Monday, January 31, 2022

Newspoll 56-44 in Labor's favour

Today's Newspoll has the Coalition with 44 per cent and Labor with 56 per cent of the two-party preferred vote. This is about as bad as it gets for the Coalition. Today's poll suggests the Coalition faces a landslide loss at the 2022 election (most likely to be in May 2022).

This is not the first published poll since the 2019 election to have the government at or below 45 per cent. But it is the first poll with this result when the two-party preferred tally is calculated using preference flows at the last election.

The Bayesian aggregation tells much the same story.

The attitudinal polling suggests a slide in the Prime Minister's standing.

Of interest in the primary votes is the sizable vote for the minor, non-duopoly parties.

I will report the betting market response in tomorrow's post. But there has already been some movement. Right now Labor is on \$1.35 and the Coalition is on \$3.00.

Sunday, January 30, 2022

Simulating election outcomes from betting market data

Because betting market odds can be expressed as probabilities, they can be used in Monte Carlo simulations to reflect the election outcome that punters think most likely. However, there are a couple of technical issues that need to be considered. One is simple; the other, less so.
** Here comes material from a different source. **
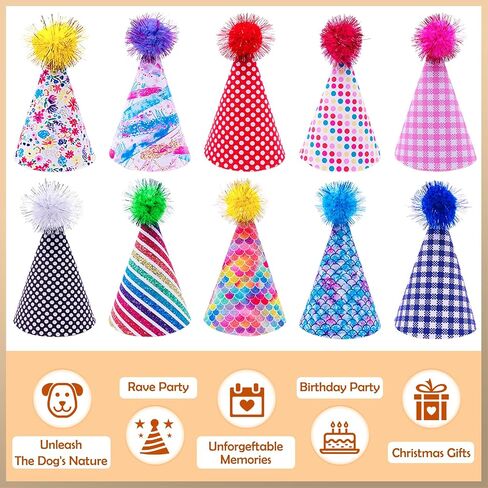 10 Pcs Large Cone Party Hats Adjustable Children Reusable Birthday Party Hats Supplies Glitter Decorations Pom-pom Party Hats for Kids Adults L in Saudi Arabia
Bookmakers make their money by ensuring that whomever wins, their outlays will always be less than their takings. A bookmaker adjusts her odds as bets are laid to maintain a margin for herself. Fair enough, bookmakers need to cover their costs and make a profit. This is variously known as the bookmaker's overround, margin, vigorish, vig or juice. To get fair probabilities from the bookmaker's odds, we need to correct for the bookmaker's margin.

The more challenging technical issue is what is known as the Favourite-Longshot Bias (FLB). First reported by R M Griffith in the American Journal of Psychology in 1949, FLB notes that on average short odds under-estimate the probability of winning and that long odds over estimate this probability. As a consequence, bets placed on higher-valued odds (the longshots) offer worse rates of return than bets placed on lower-valued odds (favourites). This tendency in betting markets has been empirically validated many times.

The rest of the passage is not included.